Support and resistance is a well-known concept in forex and other types of investment. The concept arose from the observation that prices sometimes “test” a certain limit multiple times. For instance, a security might reach $37 repeatedly before falling back down again and again. The same can happen as a price falls – this time bouncing up repeatedly from a level of support. This happens with enough of a pattern to be statistically significant. In this article we’ll talk about breakouts, how you can spot them and how you can profit from them.
The value of breakouts
Such a pattern is useful enough to be traded on, but there is another phenomenon that makes it even more profitable. If the market keeps on pushing the price up to the resistance point, it will probably break through eventually. This is where things become especially interesting, because such “breakouts” seem to turn all of the resistance or support they pushed against in an opposite direction. Suddenly, there will be a quick spike that is far more rapid than the previous movement. (Downward trends that continue through support levels are called “breakdowns.”)
Why is it important to spot a breakout before it happens?

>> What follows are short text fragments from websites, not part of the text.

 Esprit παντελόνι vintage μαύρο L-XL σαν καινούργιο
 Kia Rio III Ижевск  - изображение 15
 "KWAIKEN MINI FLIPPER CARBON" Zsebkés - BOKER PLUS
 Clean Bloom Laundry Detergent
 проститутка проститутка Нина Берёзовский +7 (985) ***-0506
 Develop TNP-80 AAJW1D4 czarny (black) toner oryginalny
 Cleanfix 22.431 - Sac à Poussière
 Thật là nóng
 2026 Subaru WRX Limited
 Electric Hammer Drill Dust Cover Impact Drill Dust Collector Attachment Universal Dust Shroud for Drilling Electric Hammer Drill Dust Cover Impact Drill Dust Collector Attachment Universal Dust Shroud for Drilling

The strength and speed of a forex trend breakout is why it is so important to predict it. If you are unprepared, the quick jump in value will be over before you ever had a chance to profit. So how can you predict breakout and distinguish it from just another test against resistance/support?

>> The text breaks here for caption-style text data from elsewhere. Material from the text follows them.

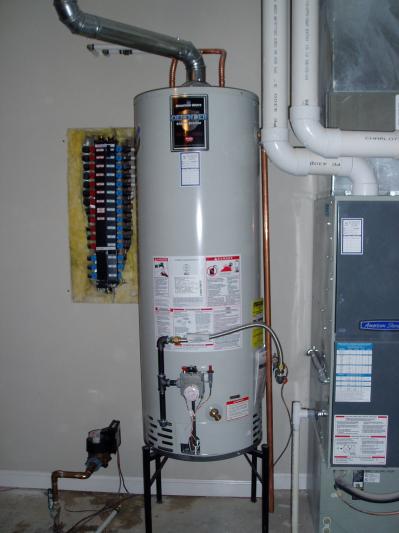 Power Plumbing - Union City, CA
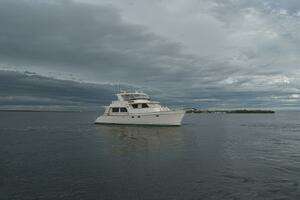 2009 Marlow Explorer 57E thumbnail 31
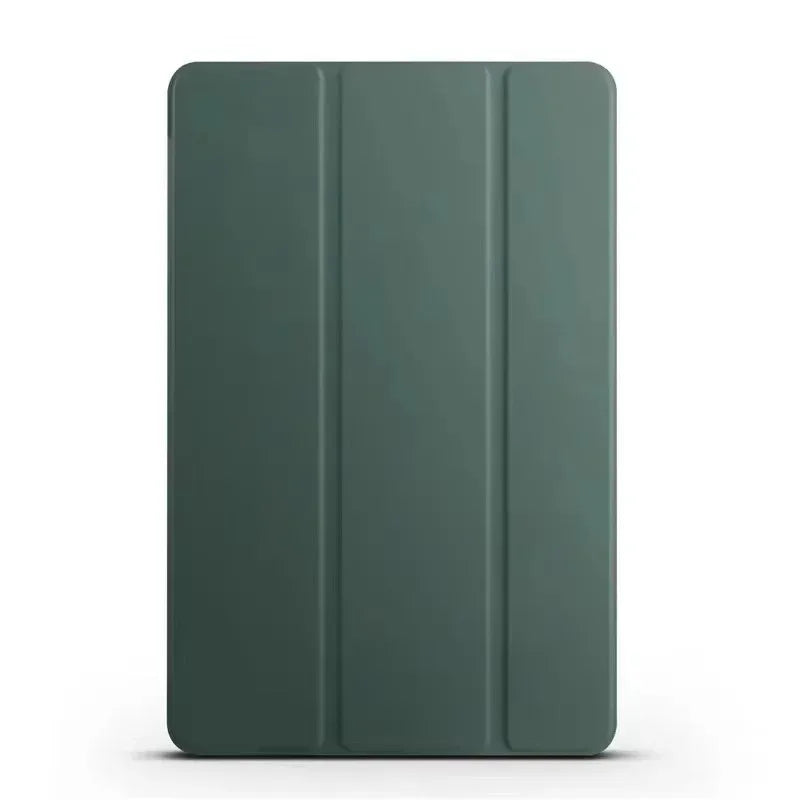 Smart Case for Xiaomi Redmi Pad 2 2025 11" — Auto Wake/Sleep Silicone Cover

The first question is surprisingly simple: why do you need to? Of course, you need to be in the market before the breakout begins, but this is where you should have already noticed a pattern. If a currency repeatedly works towards a resistance or support point before bouncing back, you should already be taking advantage of it. This is why it’s crucial to notice trends and stay on top of them, sometimes they develop into much more. It’s also why it’s very good to set your sell orders slightly below the resistance point. For instance, if a pair repeatedly climbs 10 pips before bouncing back down, wait to sell, or set your sell order 1 pip below the resistance with the condition that the price must reverse before selling. If it bounces again, you’ll still profit well, but if it breaks through, you can also benefit even more.

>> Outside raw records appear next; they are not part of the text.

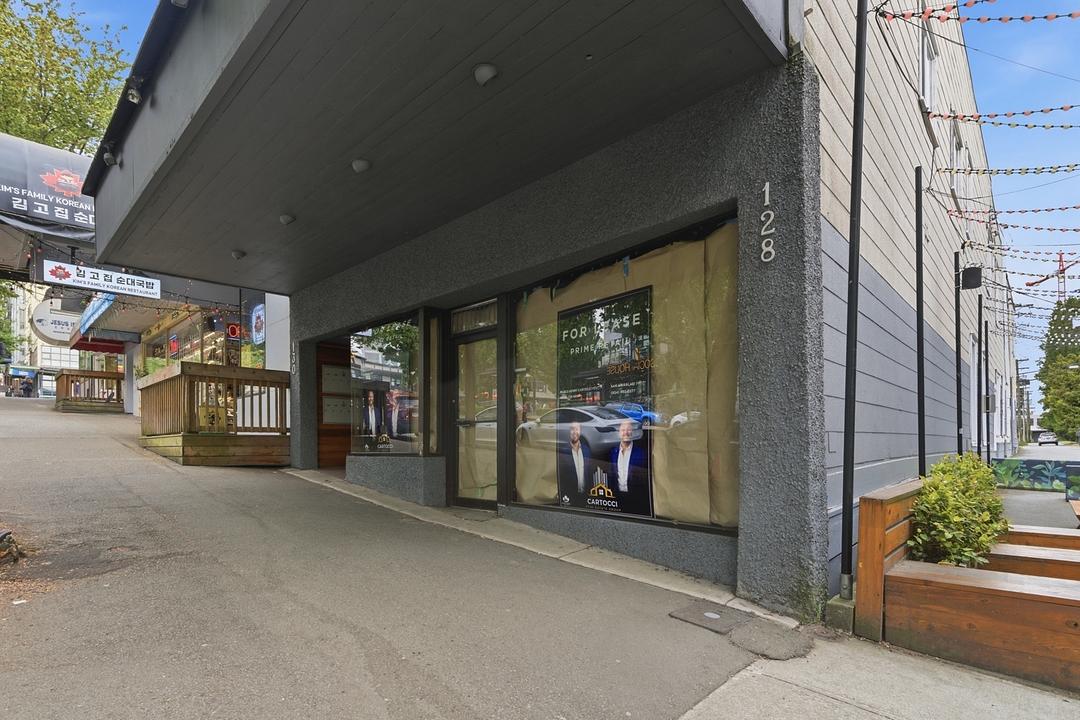 128 Lonsdale Ave, North Vancouver, BC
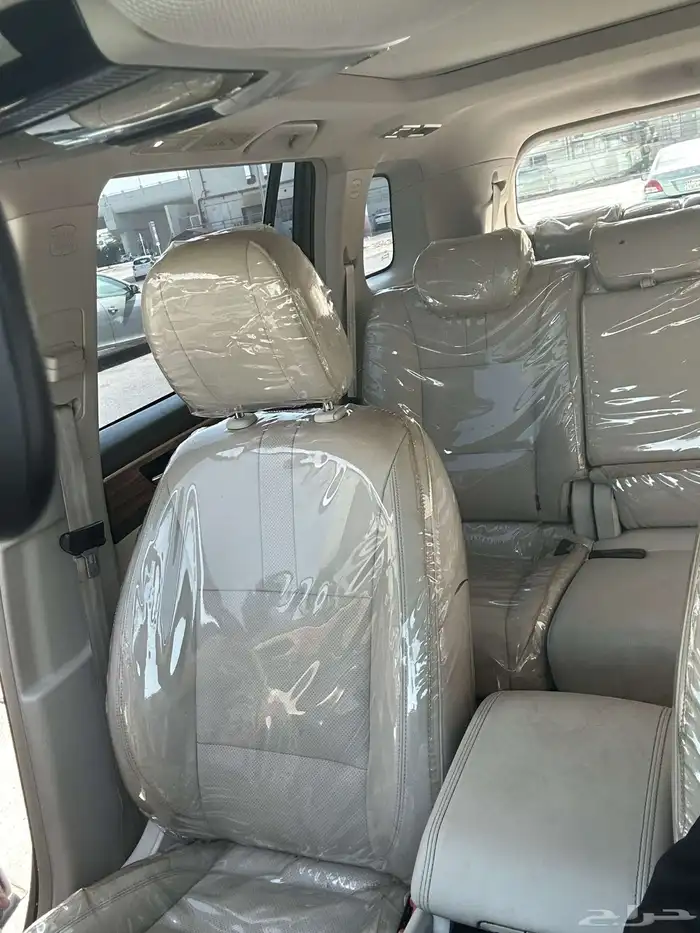 GAC gs8 9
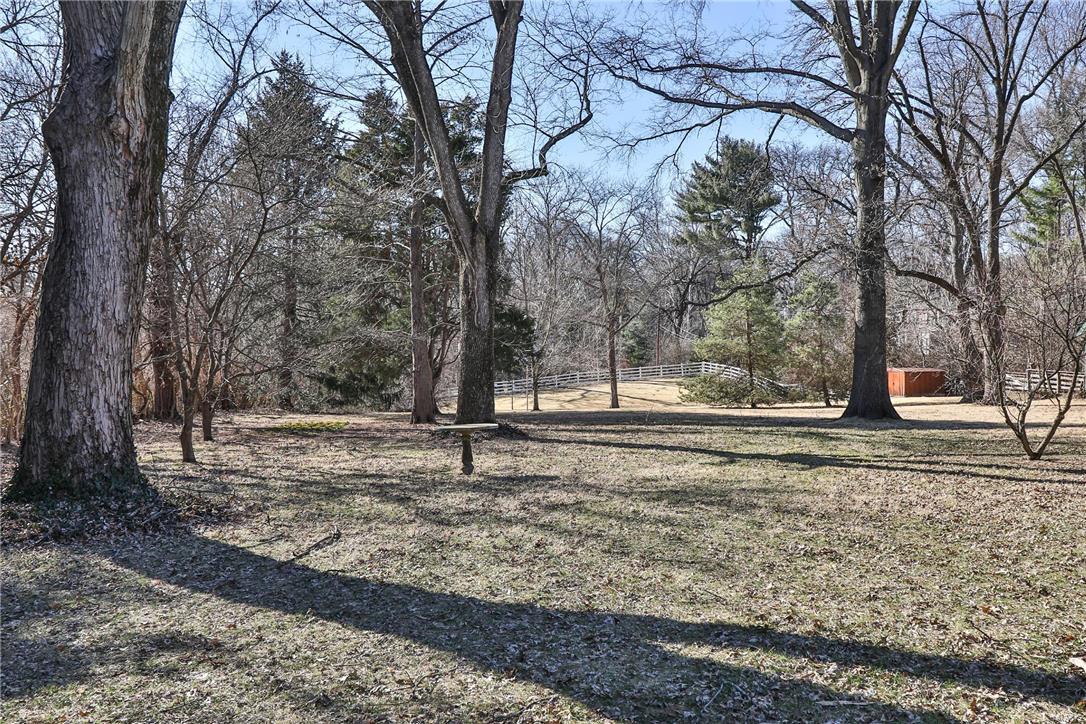 Morris Hezel Estate - Residential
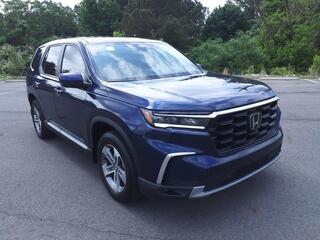 2024 Honda Pilot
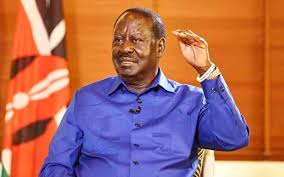 graceyhinga's tweet photo. Raila Odinga’s initiative is about creating a collaborative future. #TINGA Baba Amesema https://t.co/BQY3eRLLOo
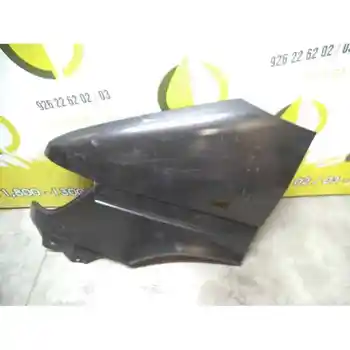 

3310745 s flapper Front Left Mercedes Sprinter 02.00 -> Case Closed Ceiling High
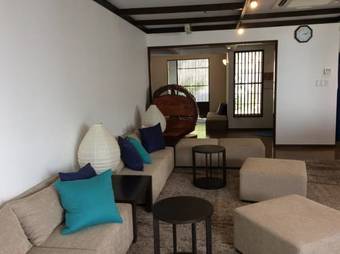 Hotel Marine Blue Yakushima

How do you spot a breakout in advance?
However, that doesn’t actually answer the question. How do you spot a breakout before it happens? The answer is more technical than the confines of a short article can permit, but you should rely on technical momentum indicators such as RSI, ADX, and stochastic analysis. If you know how to work with these tools, take advantage of them; if not, learn how and incorporate it into your strategy. None of these methods is absolute, but they are the best that can be done. The strongest results come from multiple, overlapping indications, such as when 2-3 of these technical indicators agree. Remember, that if you could predict breakouts or any other market event with near certainty, you would be able to trade profitably for however long you could keep it up.
Another important, but undervalued tool in this respect is volume. As you evaluate repeated testing trends, note the volume for each. When a new trend begins, expect to see much higher volatility if it will break through. By this time, you should be in the market anyway, benefiting from the basic trend if not more. However, either way, you will be prepared to profit and make the most of the opportunity.